A VETERAN councillor has slammed plans that prevent councillors from speaking to journalists as ‘ridiculous’ and ‘a complete joke.’
The National Association of Local Councils (NALC) has written to 9,000 parish and town councils in England ordering councillors not speak to the media without obtaining prior permission from their council.
Bill Crossley, of Tutbury Parish Council, said the plans had been drawn up by a “crackpot who is abusing his position of power” to try to “suppress the media.”
He said: “I have been voted in and I will be expressing my personal views in public.
“It is ridiculous not being able to express our opinions – how will the public know what we are up to and what we are doing?”

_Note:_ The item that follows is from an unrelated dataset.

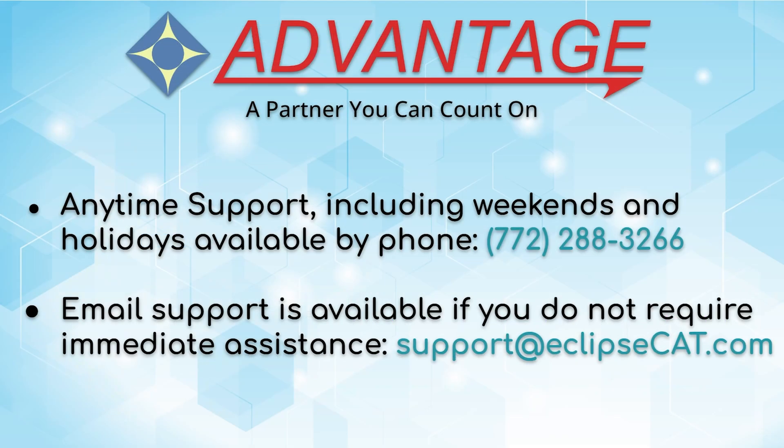Don't forget that Advantage software offers anytime support. Tech support is available anytime, including weekends and holidays, at 772-288-3266. Email support is also available at support at eclipsecat.com.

The guidelines suggest councillors should obtain ‘prior written consent’ from their council clerk before agreeing to an interview with the media.
The gag also prevents councillors from expressing personal opinions other than ‘the views they hold in their official capacity.’

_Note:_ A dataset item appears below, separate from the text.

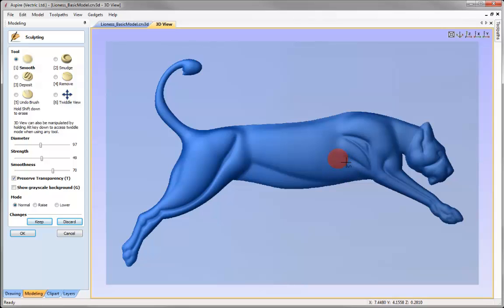Sculpting is very much something you get a feel for and have to practice to become proficient with. In this case I'm using a mouse to control the cursor, but if you're serious about sculpting and intend to do this a lot, we'd certainly recommend getting a pen tablet to help you control it better — typically one of the Wacom branded tablets, though there are others available that would work too.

Several councils have already adopted the plans, which could see members who fail to comply with the rules disciplined.
Councillor Crossley, who has been in local politics for 47 years, has been warned before about his ‘damaging’ comments to the media.

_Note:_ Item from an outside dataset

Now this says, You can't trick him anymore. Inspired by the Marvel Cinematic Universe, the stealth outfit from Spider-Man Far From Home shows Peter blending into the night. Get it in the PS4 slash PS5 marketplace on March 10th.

He accused council chiefs of using the Chatham House Rule – which prevents the identity of a speaker at a council meeting being disclosed – too often.
He said: “It is a joke. In Tutbury we have a long-standing rule: if you cannot say something in public, then do not say it at all.”
Eric Pickles, the Local Government Secretary, called for the ‘Stalinist’ guidelines to be scrapped in a letter sent to the NALC.
He said: “Freedom of speech is a vital part of local democracy. Councillors must be able to challenge waste and inefficiency, and should not have to get permission from state officials to speak to the press.
“I am concerned this Stalinist guidance will have a chilling effect on public life. I am making clear its contents are utterly opposed by the Government and it should be withdrawn immediately.
“We should be championing the independent free press, not trying to suppress it.”
Ken Browse, chairman of the NALC, rejected the criticism and said he wanted councils to have more dealings with the media.